Outside the mental benefits and even soulful benefits (if spirituality is a part of your being), waking up early just boosts your psyche and gives you a strong mental edge for yourself that you’ll carry out throughout the day, besides you’ve got to get out of bed early especially if you’re hoping to save yourself a front sit in the lecture room, which can get really crowded when lectures aren’t streamlined (folks from my college will understand this).
2. Skip breakfast
This one is slightly tricky, as you’ll need to be aware of your health risks before you decide to skip breakfast but it has personally helped me position myself better in certain situations.
I tend not to fall asleep during early classes when I skip breakfast than when I actually do. Sometimes listening to a lecture that seems uninteresting with a full stomach could cause you to fall asleep and that can pretty much linger on you the whole day.
Of course, if having breakfast is crucial for you, be sure to get something to eat, but be conscious not to overload yourself.
3. Take hourly naps every evening
Rest is great! But why advocate for evening naps? The use of evening naps for at least an hour is mainly for two reasons.
Firstly, to help you unwind from college work. Secondly, to prepare you for some study later in the evening.
Certainly, I don’t always take evening naps as sometimes I’m guilty of going past one hour and just end up sleeping for two to three hours, but then when I awake, I’m usually alert to study (not that I end up studying anyways) but this can also be a useful tool in your arsenal to becoming productive.
4. Complete assignments promptly
By promptly, I mean on the day they’re given. This would save you from slightly embarrassing situations such as having to copy through assignments right in class, besides it gives you the opportunity to revise the day’s lecture and filter more information you may have missed while solidifying the ones you got.
5. Plan out the next day
This is perhaps the most important piece of your daily habits that you should practice with consistency. Planning the next day ahead.
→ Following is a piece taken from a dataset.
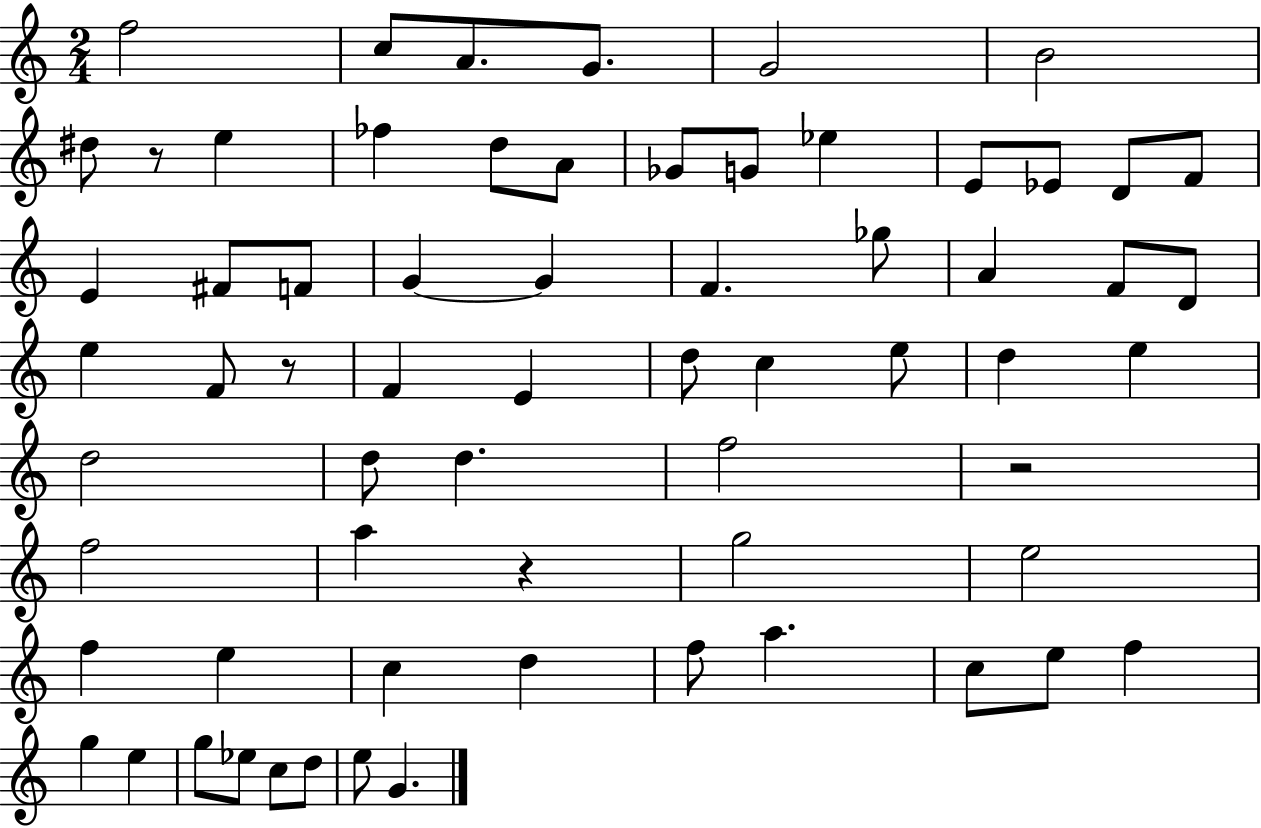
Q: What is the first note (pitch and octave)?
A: F5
With a plan for the next day, not only does your mind settles in to get off on a great start, you’ll be giving yourself a really good headstart on the coming events of the next day, especially when you decide to wake up early.
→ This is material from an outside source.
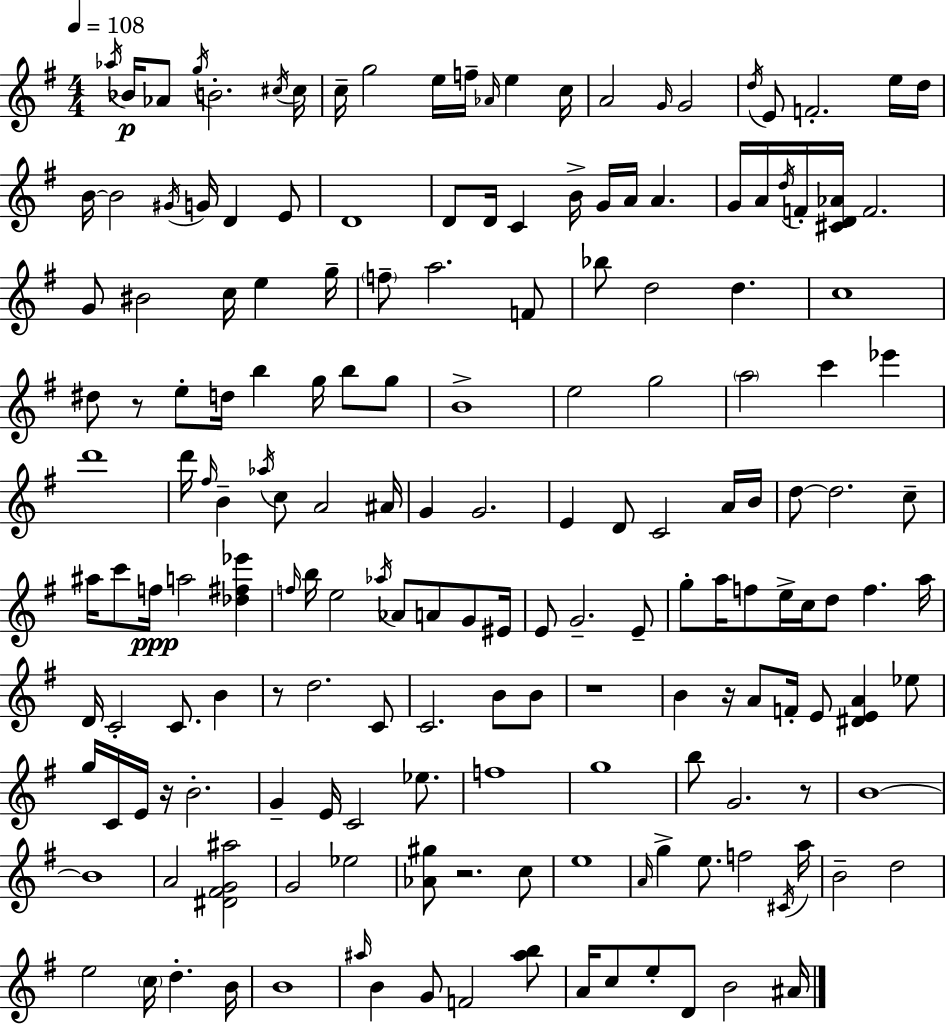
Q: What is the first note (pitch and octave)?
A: Ab5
Over time, I’ve known my performance to be better on days where I have my objectives spelt out the day before, than on days when I choose to be spontaneous.
You can be spontaneous and still remain productive, but when dealing with college and how it’s structured, being spontaneous will simply just lead to you becoming lackadaisical, and that’ll, in turn, hurt your productivity which in turn could hurt your performance.
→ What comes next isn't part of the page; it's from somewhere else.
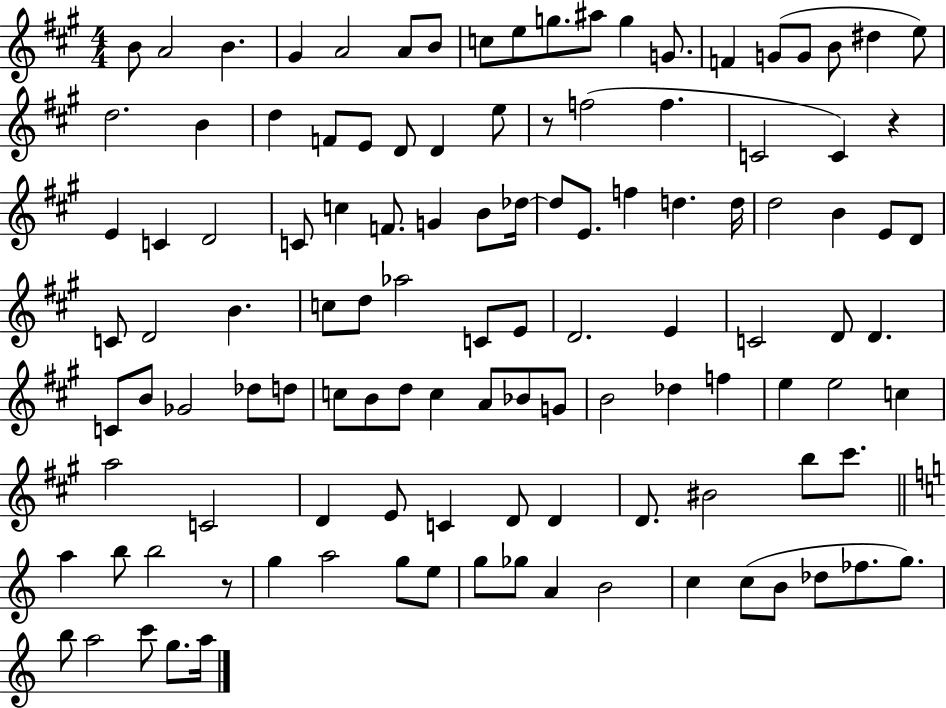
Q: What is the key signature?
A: A major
So far, the college has been a lot of work, and personally, I still have a lot of catching up to do, since many of the courses require a decent amount of intentional study to even at least make the cut.
Of course, there’s more you can add to become more productive, but I wouldn’t go on being a college psychologist just yet, as I’m also here experiencing it like everyone else, but these few tips would certainly give you a grounded feel for how you can possibly make the most use of college education.